Unless this certificate is presented by
an authorized representative of The Depository Trust Company, a New York
corporation ("DTC"), to Public Service Company of Oklahoma or its agent for
registration of transfer, exchange or payment, and any definitive certificate
issued is registered in the name of Cede & Co. or in such other name as is
requested by an authorized representative of DTC (and any payment is made to
Cede & Co. or to such other entity as is requested by an authorized
representative of DTC), ANY TRANSFER, PLEDGE, OR OTHER USE HEREOF FOR VALUE OR
OTHERWISE BY OR TO ANY PERSON IS WRONGFUL in as much as the registered owner
hereof, Cede & Co., has an interest herein.
No.
R-1
PUBLIC
SERVICE COMPANY OF OKLAHOMA
____%
Senior Notes, Series _, due ____
CUSIP
No. __________
|
$____________
|
PUBLIC SERVICE COMPANY OF OKLAHOMA, a
corporation duly organized and existing under the laws of the State of Oklahoma
(the "Company", which term includes any successor Person under the Indenture
hereinafter referred to), for value received, hereby promises to pay to CEDE
& CO. or registered assigns, the principal sum of _________________________
DOLLARS ($____________) on ____________, ____ (the "Final Maturity"), and to pay
interest thereon from ____________, ____ or from the most recent Interest
Payment Date to which interest has been paid or duly provided for, semi-annually
on March 15 and ____________ each year, commencing March 15, ____, at the
interest rate per annum specified above, until the principal amount shall have
been paid or duly provided for. Interest shall be computed on the
basis of a 360-day year of twelve 30-day months.
The
interest so payable, and punctually paid or duly provided for, on any Interest
Payment Date will, as provided in such Indenture, be paid to the Person in whose
name this Security (or one or more Predecessor Securities) is registered at the
close of business on the Regular Record Date for such interest, which shall be
the February 28 or August 31 (whether or not a Business Day) immediately
preceding the Interest Payment Date. Any such interest not so
punctually paid or duly provided for will forthwith cease to be payable to the
Holder on such Regular Record Date and may either be paid to the Person in whose
name this Security (or one or more Predecessor Securities) is registered at the
close of business on a Special Record Date for the payment of such Defaulted
Interest to be fixed by the Trustee, notice whereof shall be given to Holders of
Securities of this series not less than 10 days prior to such Special Record
Date, or be paid at any time in any other lawful manner not inconsistent with
the requirements of any securities exchange on which the Securities of this
series may be listed, and upon such notice as may be required by such exchange,
all as more fully provided in said Indenture.
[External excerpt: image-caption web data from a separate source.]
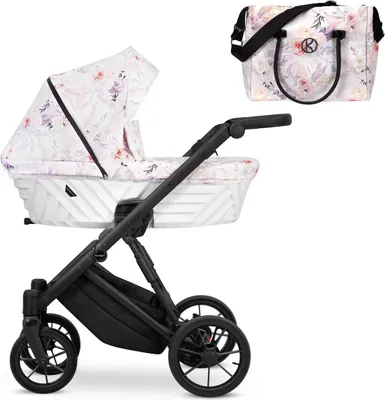 Image de Kunert IVENTO 2in1 Poussette en blanc avec cadre noir et fleurs délicates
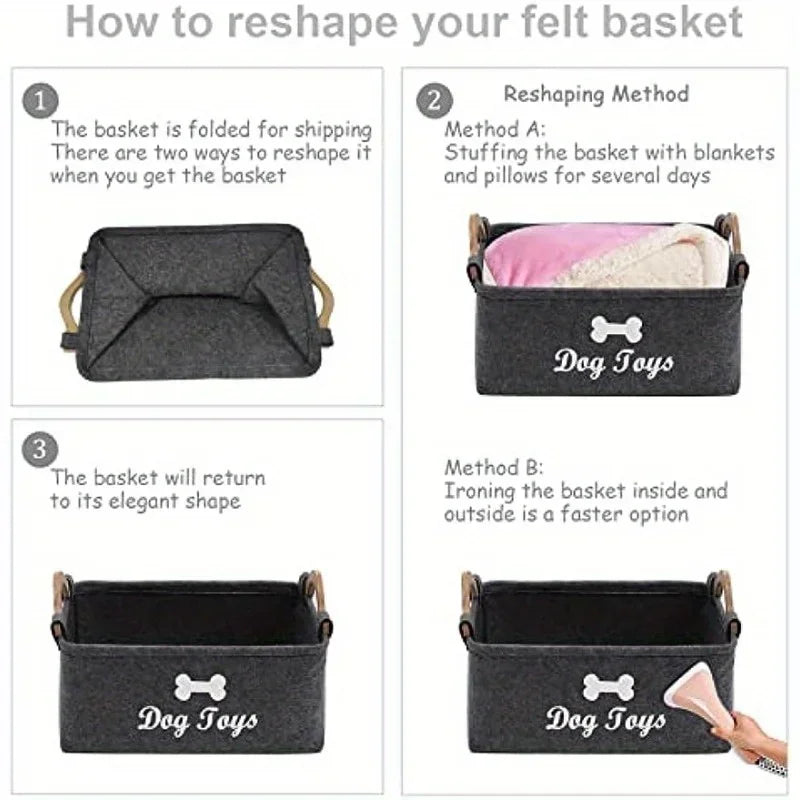 Felt Dog Toy Box Organizer For Home Storage Basket by S And B Enterprise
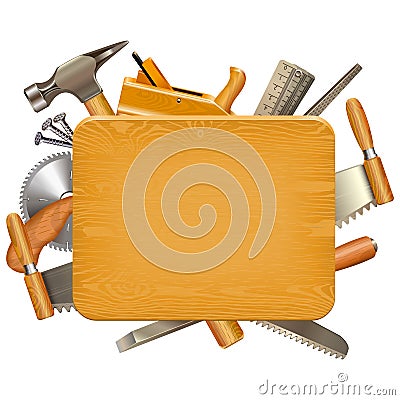 Vector Wooden Board with Carpentry Tools Vector Illustration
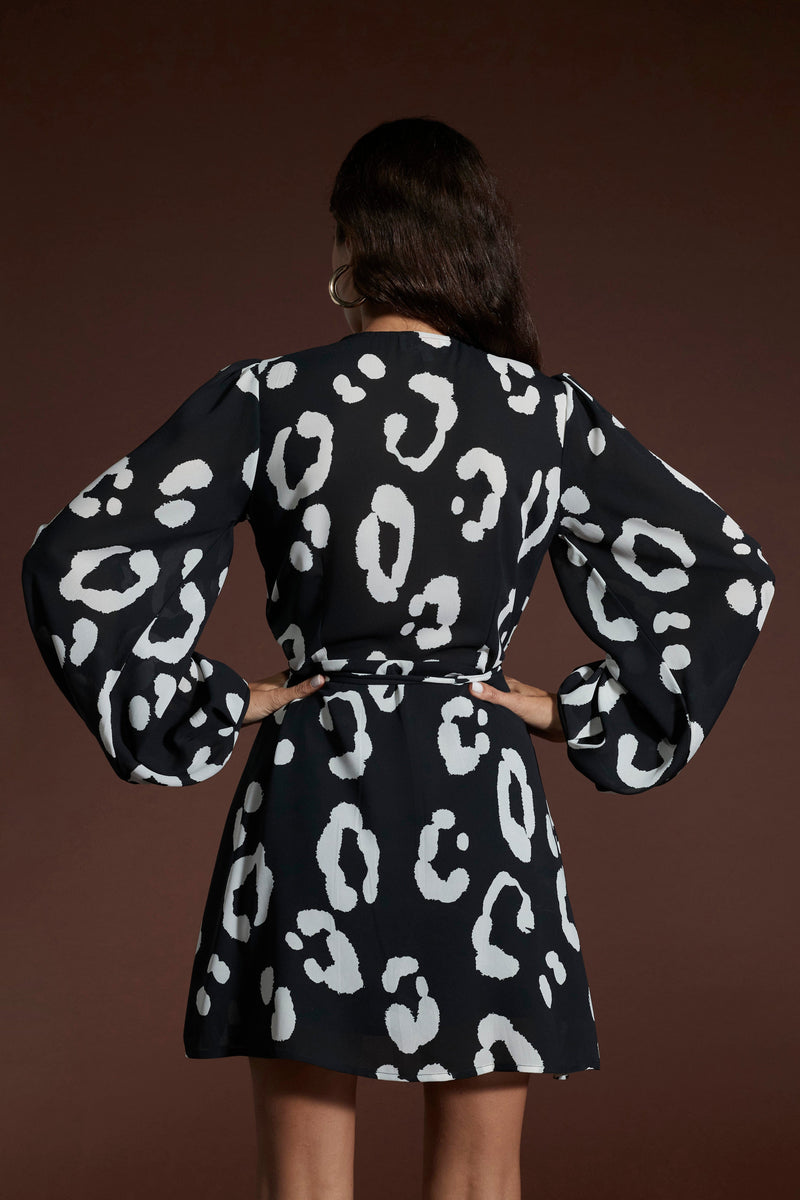Black and on sale white leopard dress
Payment of the principal of (and
premium, if any) and interest on this Security will be made at the office or
agency of the Company maintained for that purpose in the Borough of Manhattan,
The City of New York, New York, in such coin or currency of the United States of
America as at the time of payment is legal tender for the payment of public and
private debts; provided, however, that at the option of the Company payment of
interest may be made by check mailed to the address of the Person entitled
thereto as such address shall appear in the Security Register.
This Security has initially been issued
in the form of a Global Security, and the Company has initially designated The
Depository Trust Company (the "Depositary", which term shall include any
successor depositary) as the depositary for this Security. For as
long as this Security or any portion hereof is issued in such form, and
notwithstanding the previous paragraph, all payments of interest, principal and
other amounts in respect of this Security or portion thereof shall be made to
the Depositary or its nominee in accordance with the Applicable Procedures in
the coin or currency specified above and as further provided
herein.
This Security is one of a duly
authorized issue of securities of the Company (the "Securities"), issued and to
be issued in one or more series under an Indenture, dated as of November 1,
2000, as amended and supplemented from time to time (the "Indenture", which term
shall have the meaning assigned to it in such instrument), between the Company
and The Bank of New York, a New York banking corporation, as Trustee (the
"Trustee", which term includes any successor trustee under the Indenture), as to
which Indenture and all indentures supplemental thereto reference is hereby made
for a statement of the respective rights, limitations of rights, duties and
immunities thereunder of the Company, the Trustee and the Holders and of the
terms upon which the Securities are, and are to be, authenticated and
delivered. This Security is one of the series designated on the face
hereof, limited in aggregate principal amount to $____________; provided,
however, the aggregate principal amount hereof can be increased, without the
consent of the Holder, as permitted by the provisions of the Original
Indenture. The provisions of this Security, together with the
provisions of the Indenture, shall govern the rights, obligations, duties and
immunities of the Holder, the Company and the Trustee with respect to this
Security, provided that, if any provision of this Security necessarily conflicts
with any provision of the Indenture, the provision of this Security shall be
controlling to the fullest extent permitted under the Indenture.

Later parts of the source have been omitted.